Given information below:

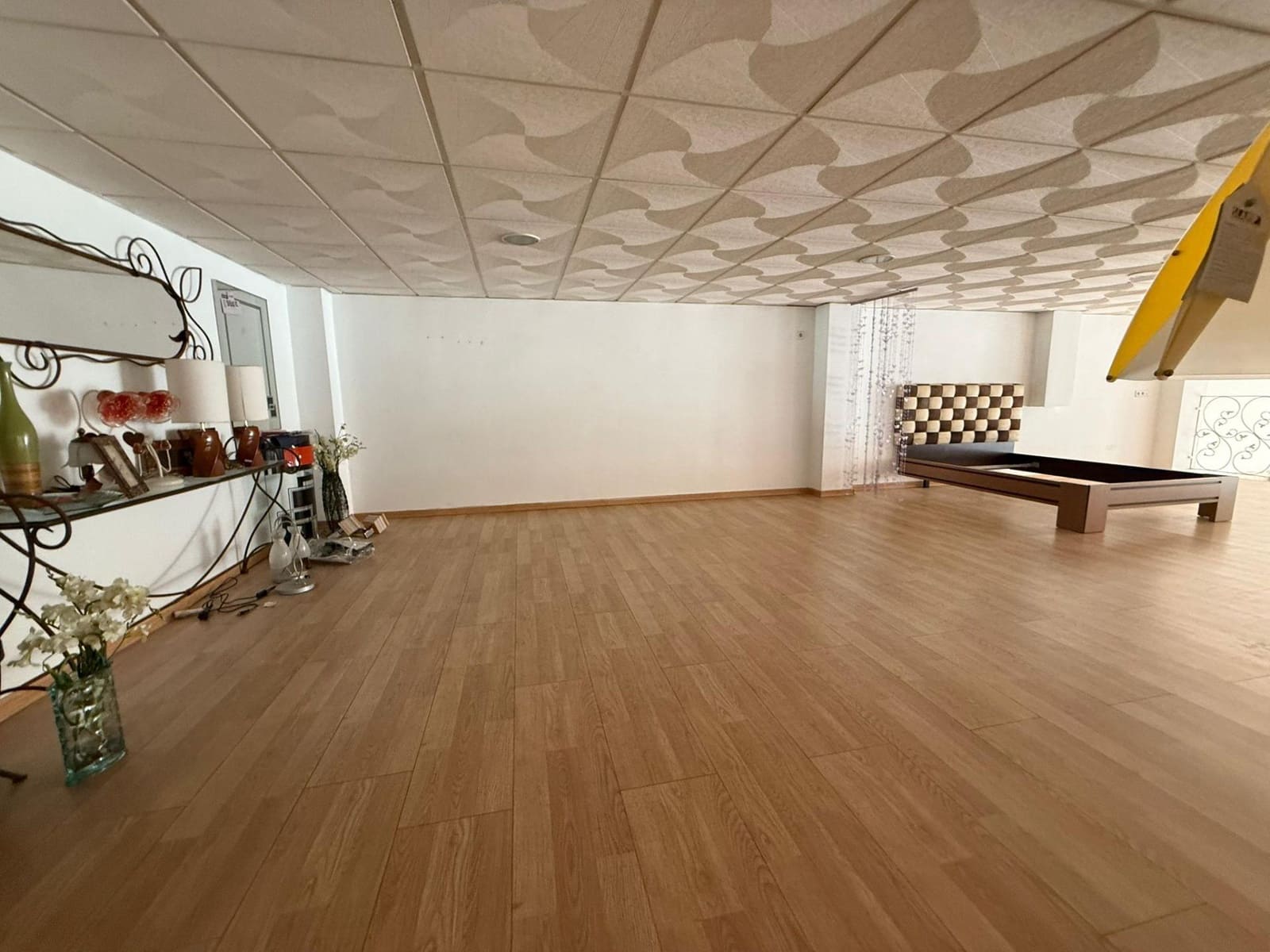 Commercieel te koop in El Parador de las Hortichuelas - € 600.000 (Ref: 9530805)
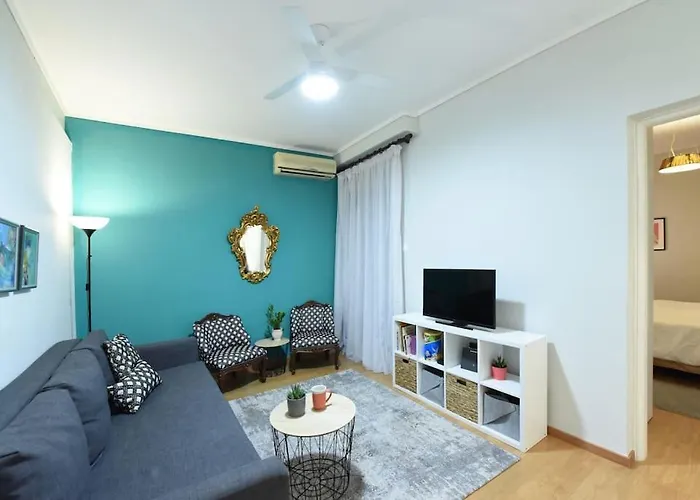 The Muse, Colorful Cozy Flat On Mitropoleos Downtown شقة سالونيك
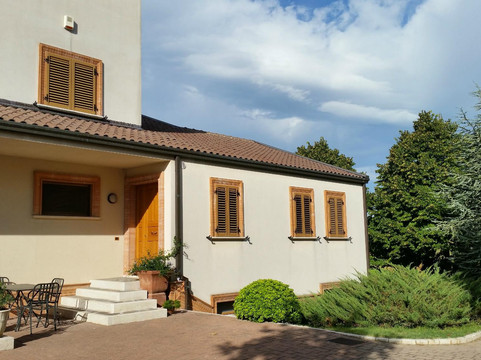 Civitanova Alta酒店住宿-Il Mandorlo B&B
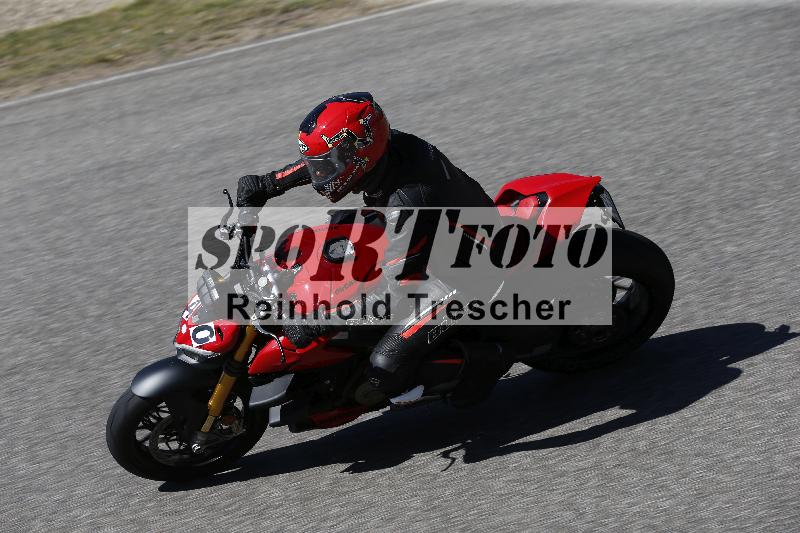 /06 08.04.2026 Cornu Master School ADR/Gruppe blau/40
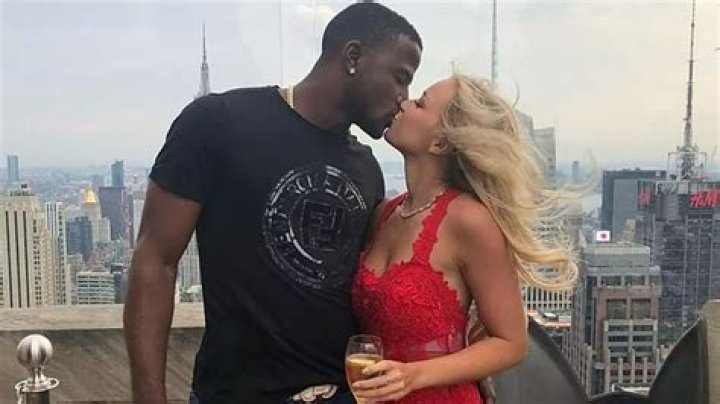 
Why did Alison Bowles and Adeiny Hechavarria split up? Relationship was ruined by frequent separations. 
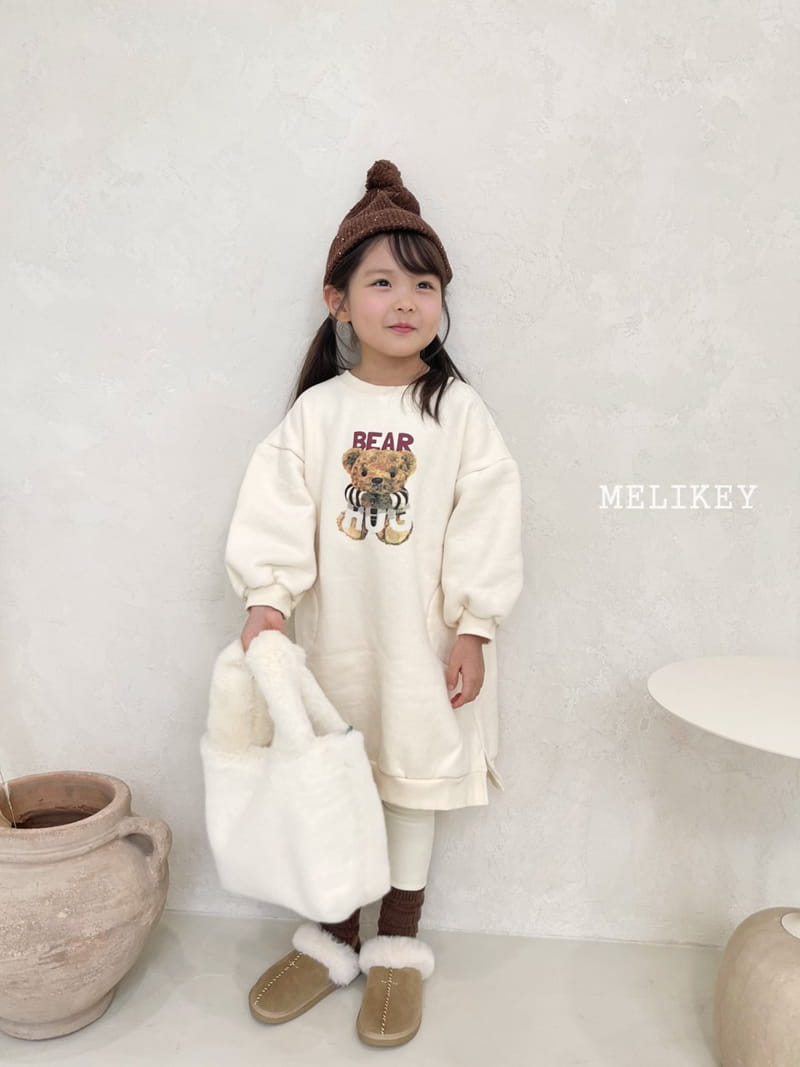 MELIKEY - Korean Children Fashion - #Kfashion4kids - Hug Bear One-piece - 10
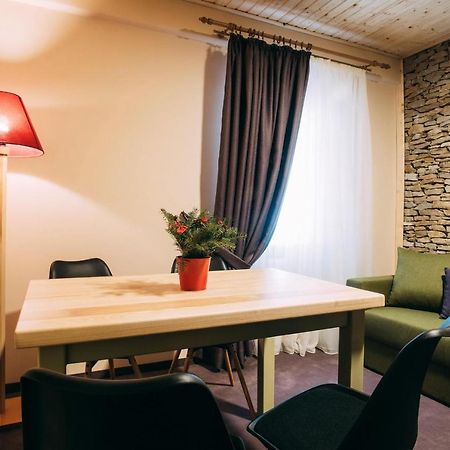 La Conac In Bucovina 호텔 구라후모룰루이 외부 사진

End of Given information.

Output the entries above verbatim. Omit the images.

*Task response*.
 Commercieel te koop in El Parador de las Hortichuelas - € 600.000 (Ref: 9530805)
 The Muse, Colorful Cozy Flat On Mitropoleos Downtown شقة سالونيك
 Civitanova Alta酒店住宿-Il Mandorlo B&B
 /06 08.04.2026 Cornu Master School ADR/Gruppe blau/40
Why did Alison Bowles and Adeiny Hechavarria split up? Relationship was ruined by frequent separations. 
 MELIKEY - Korean Children Fashion - #Kfashion4kids - Hug Bear One-piece - 10
 La Conac In Bucovina 호텔 구라후모룰루이 외부 사진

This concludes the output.